The Lord had already spoken to the Twelve of the coming of the Comforter; He has now something to say respecting the same matter to the larger assembly, which represented not the ministry alone, but the entire Church.

1. The Dispensation of the Spirit.

It is easy to understand the expediency of Christ’s coming into this world; for what a dreary, sunless world it would have been without Him ! It is easy to see, moreover, that it was expedient for Him to remain here in order to teach truth and righteousness, and lay the foundations of His Kingdom among men. But how could it be expedient that He should go away? It was because he found the fulcrum of his lever outside the world that his name is mentioned among the great lawgivers of the world to-day.

But Christ has nothing to say here of such considerations as these. The reason which He gives for His going away, is that He was to leave behind Him a bequest which should be a manifold equivalent for every loss. "If I go not away, the Comforter will not come unto you; but if I depart, I will send him unto you."

So He said farewell and went His way. What then? For a time His followers were overwhelmed with sorrow, feeling that all was over. "I go a-fishing," said one; and the others said, "We also go with thee."

But after His resurrection, Christ reappeared and remained with His disciples forty days, long enough to satisfy them that whereas He had died He was now alive for evermore, and to mark out for them the plan of a campaign which was to eventuate in the restoration of the world to God. At the close of that period He met them at Olivet, breathed on them, saying, "Receive ye the Holy Ghost!" and gave them the great commission, "Go, evangelise!" Then the heavens opened to receive Him.

Ten days later, while the disciples were praying in an open court in Jerusalem, the Spirit came with a sound as of a rushing, mighty wind; and the beginning of the new administration was signalised by the conversion of three thousand souls in a single day!

We are living in this dispensation of the Spirit; and it is obviously of the utmost importance that we should understand the meaning of it. The Holy Spirit is not an impersonal something or other; an influence felt in a vague, indefinable way. He is the third person of the Godhead. His personality is as real as that of the Father or that of the Son. He is the Executive of this dispensation; under whose authority and control we as followers of Christ meet all responsibilities and discharge all duties.

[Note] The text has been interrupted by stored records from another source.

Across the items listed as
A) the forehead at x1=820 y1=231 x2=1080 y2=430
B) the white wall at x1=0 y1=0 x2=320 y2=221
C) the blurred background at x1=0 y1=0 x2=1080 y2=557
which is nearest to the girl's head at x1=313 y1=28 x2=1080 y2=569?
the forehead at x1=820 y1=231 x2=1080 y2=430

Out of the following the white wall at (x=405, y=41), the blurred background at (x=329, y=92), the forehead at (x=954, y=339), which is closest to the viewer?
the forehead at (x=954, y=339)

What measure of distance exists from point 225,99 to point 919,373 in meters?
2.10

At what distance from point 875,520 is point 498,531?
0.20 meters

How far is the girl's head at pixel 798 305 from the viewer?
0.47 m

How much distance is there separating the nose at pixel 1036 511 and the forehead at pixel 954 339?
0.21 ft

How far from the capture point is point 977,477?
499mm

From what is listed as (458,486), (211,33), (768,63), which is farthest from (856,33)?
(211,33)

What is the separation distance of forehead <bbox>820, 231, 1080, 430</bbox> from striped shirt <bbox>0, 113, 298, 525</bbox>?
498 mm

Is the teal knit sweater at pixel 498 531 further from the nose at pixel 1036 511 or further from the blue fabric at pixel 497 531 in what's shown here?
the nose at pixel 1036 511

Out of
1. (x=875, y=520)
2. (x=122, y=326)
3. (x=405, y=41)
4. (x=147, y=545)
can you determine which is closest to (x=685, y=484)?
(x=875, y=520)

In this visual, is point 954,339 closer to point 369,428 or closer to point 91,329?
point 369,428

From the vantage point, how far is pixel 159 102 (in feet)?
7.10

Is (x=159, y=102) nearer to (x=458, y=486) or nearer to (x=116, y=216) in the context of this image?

It is nearly nineteen hundred years since Jesus advised His disciples that they were to act thenceforth under this direction; and there are still twelve hundred millions of people in the world who have never heard or are wholly unconvinced by His gospel! Nor can the Church expect to realise its best possibilities so long as its ministers and members fail to recognise the leadership of the Spirit, and the fact that they themselves, in order to meet their responsibilities under the great commission, must be baptized with fire and power, and made conscious partners in the transcendent work of the Spirit of God.

2. A Threefold Function.

The influence of the Holy Ghost, as the great dynamic in human history, is here clearly indicated in the teaching of Christ. He says, "When the Comforter is come, he will reprove the world in respect of sin, of righteousness and of judgment to come." First, "He will reprove the world of sin, because they believe not on me."

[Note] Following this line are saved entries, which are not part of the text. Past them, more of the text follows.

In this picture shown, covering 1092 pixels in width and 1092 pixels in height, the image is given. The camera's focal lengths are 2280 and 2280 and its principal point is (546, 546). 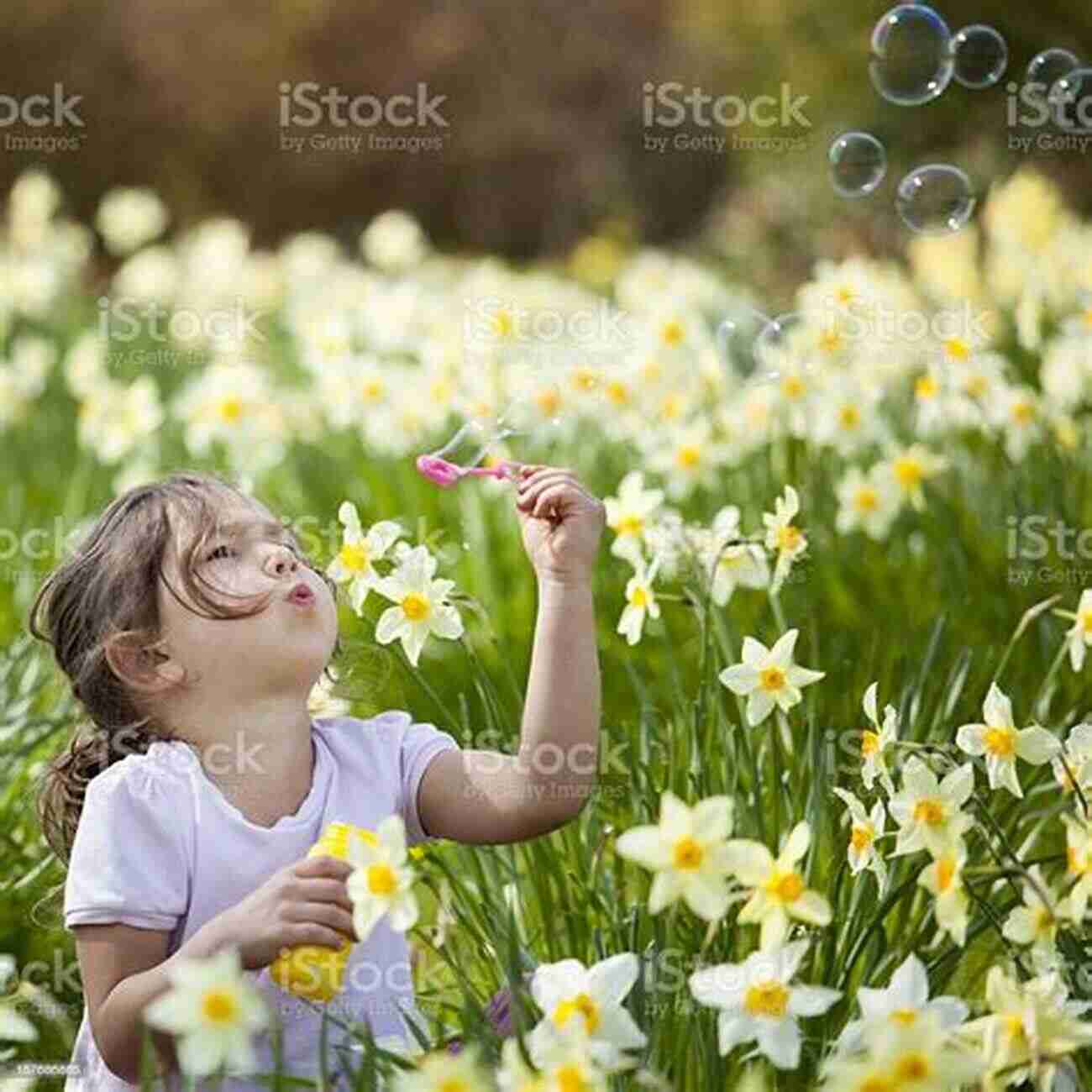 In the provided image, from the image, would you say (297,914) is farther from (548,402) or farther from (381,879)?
(548,402)

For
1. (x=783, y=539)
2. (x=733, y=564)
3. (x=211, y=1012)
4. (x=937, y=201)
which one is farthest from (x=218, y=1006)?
(x=937, y=201)

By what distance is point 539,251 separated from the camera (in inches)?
518

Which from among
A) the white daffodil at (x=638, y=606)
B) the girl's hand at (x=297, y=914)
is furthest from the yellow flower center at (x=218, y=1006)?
the white daffodil at (x=638, y=606)

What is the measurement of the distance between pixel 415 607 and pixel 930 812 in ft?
2.25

The average man has a totally inadequate sense of sin. At the best, he regards it as a violation of law. He sees clearly enough that theft, arson, forgery, murder and adultery are sins. In fact, however, they are merely symptoms of sin, like eruptions which indicate an inward fever. And when we try to cure sin with chains and prisons and scaffold trees, we are only doctoring its visible symptoms.

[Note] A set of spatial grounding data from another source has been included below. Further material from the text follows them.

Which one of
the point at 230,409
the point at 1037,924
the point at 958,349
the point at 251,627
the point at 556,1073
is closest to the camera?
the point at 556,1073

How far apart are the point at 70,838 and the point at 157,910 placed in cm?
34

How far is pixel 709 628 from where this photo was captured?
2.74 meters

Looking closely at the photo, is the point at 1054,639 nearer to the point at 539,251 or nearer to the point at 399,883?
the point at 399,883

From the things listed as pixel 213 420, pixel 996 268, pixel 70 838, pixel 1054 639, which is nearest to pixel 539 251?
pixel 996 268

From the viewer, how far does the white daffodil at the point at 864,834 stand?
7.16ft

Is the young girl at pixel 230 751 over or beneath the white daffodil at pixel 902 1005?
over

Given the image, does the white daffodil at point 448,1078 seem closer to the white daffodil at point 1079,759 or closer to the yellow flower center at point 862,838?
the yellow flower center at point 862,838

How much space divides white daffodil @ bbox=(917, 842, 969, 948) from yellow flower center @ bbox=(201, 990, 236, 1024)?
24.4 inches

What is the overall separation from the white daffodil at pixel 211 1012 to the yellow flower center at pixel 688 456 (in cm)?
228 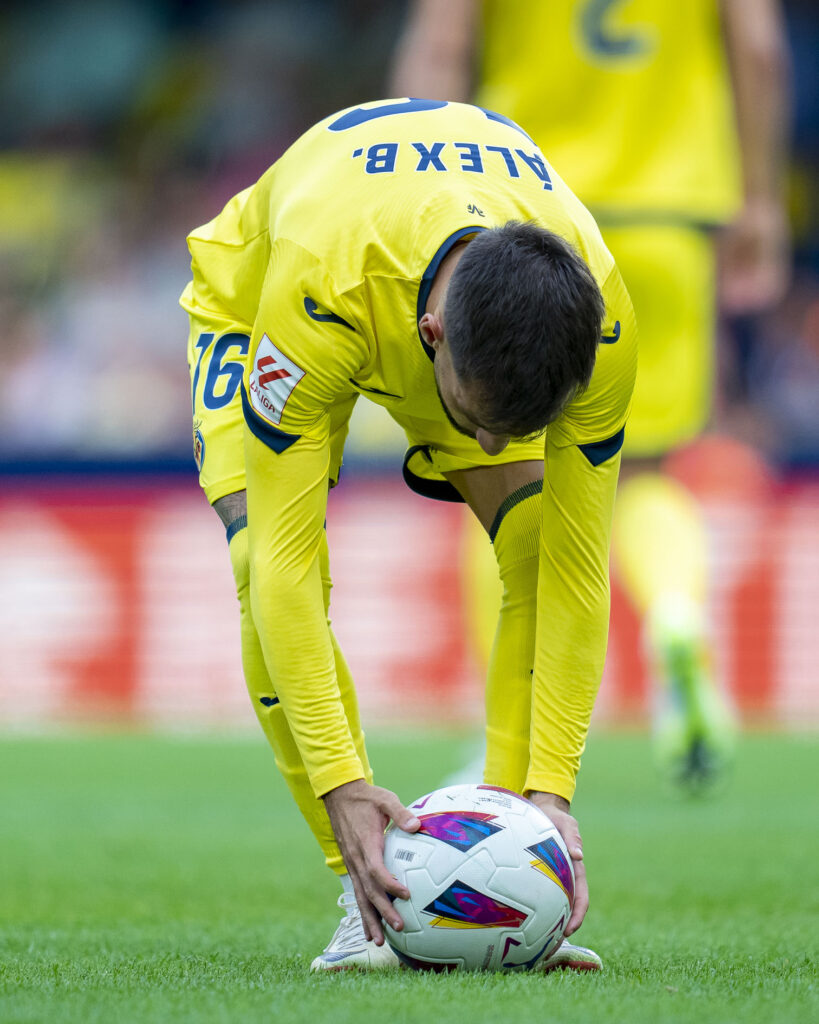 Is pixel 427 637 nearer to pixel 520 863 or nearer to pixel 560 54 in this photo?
pixel 560 54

But here comes the Holy Ghost to correct this misapprehension. He teaches us that sin in any form whatsoever is not only a violation of law, divine or human, but enmity against God. This is getting down to the root of the matter. The thief, the drunkard and the drab are sinners, certainly; any child knows that But how about the smug, decorous, respectable malefactor who does not wear his vices on his sleeve for daws to peck at? What about the man who keeps within the bounds of statutes and ordinances, but has no place in his life for God. Is he also a sinner? The Holy Ghost says yes. Why? Because he breathes God’s air, lives on His bounty, is a constant beneficiary of His goodness, and yet has not the grace to say "I thank you !" If this were all, it would be bad enough; but the head and front of his offending is that, when God sends His only-begotten Son into the world to die for his redemption, he will have none of it. So said Peter to the assembled multitude on the day of Pentecost. "Ye have taken Jesus, and with wicked hands have crucified him !" They were guilty of a thousand sins; but this was the head and front of all their offending. To reject Christ is to crucify Him afresh; and what a sin have we here in the light of this gospel age ! This is the revolt of the sinner against God. It is worse than theft and murder and adultery rolled into one. But tell that to the respectable sinner and he will smile at you. The Holy Ghost must come and uncover his heart And when the Holy Ghost speaks, His words shall be like a two-edged sword which divideth asunder the soul and spirit. Now see the sinner pricked to the heart, and hear him crying, "What shall Ido?"

Second, it is the function of the Holy Ghost, as Jesus says, to "reprove the world of righteousness: because I go unto the Father, and ye see me no more."

The world’s idea of righteousness is as defective as its conception of sin. It has one form of righteousness which it calls morality, that is, living within the prescript of the law. This is good as far as it goes, but it does not go far enough. Jesus said to the young ruler, "He that doeth the law shall live by it"; but suppose a man breaks the law, what then? "The soul that sinneth it shall die!" And in all the world there is not a mortal man who has kept it.

There is another form of righteousness which consists in obedience to ceremonial law. This is superficial at the best, and those who practise it, unless they have a heart of- holiness, are "as whited sepulchres, fair without, but within full of dead men’s bones and all uncleanness." This is that form of religion of which the Saviour said, "Except your righteousness shall exceed the righteousness of the scribes and Pharisees, ye shall in no wise enter into the kingdom of God."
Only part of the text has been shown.